====== Recorded information

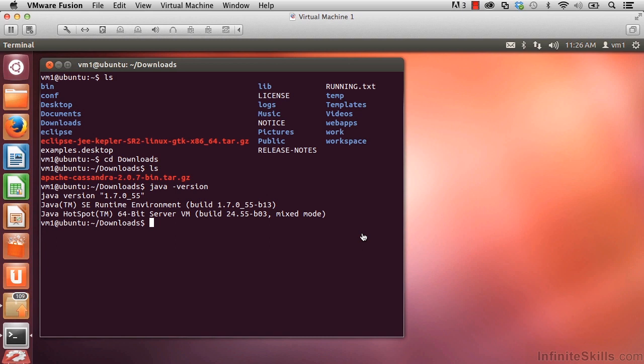In this movie, we'll be installing Cassandra with our downloaded tarball file. Before we leap into that, let me just mention a couple additional things.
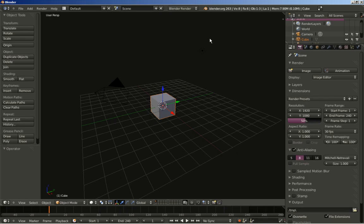Hello there! Time for another video tutorial, and this time round we will be having some fun using particles and voids, and we will create a cute little animation. Now let's dive right in.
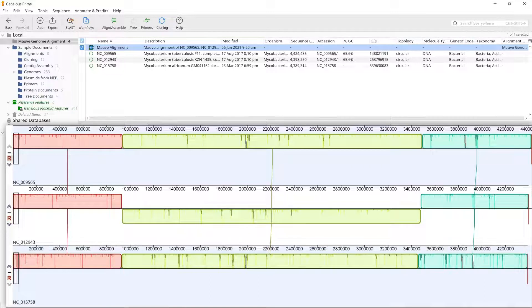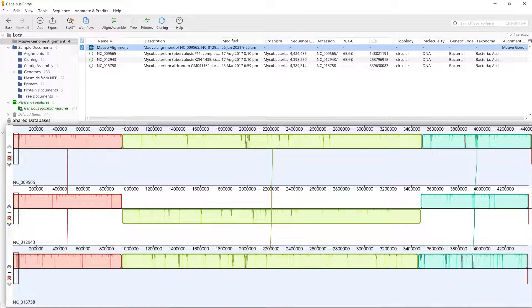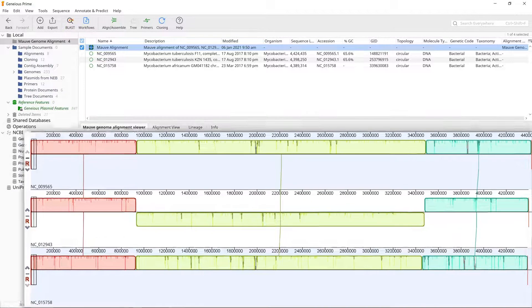In the middle LCB, the block in sequence NC_012943 is below the line. This indicates that this region is inverted with respect to the other two sequences.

============

**Try it**:
Your answer must be an exact copy of the lines from the line with "Hello there! Time" to the final line of the data, both ends included, and no pictures.

**Task output**:
Hello there! Time for another video tutorial, and this time round we will be having some fun using particles and voids, and we will create a cute little animation. Now let's dive right in.
In the middle LCB, the block in sequence NC_012943 is below the line. This indicates that this region is inverted with respect to the other two sequences.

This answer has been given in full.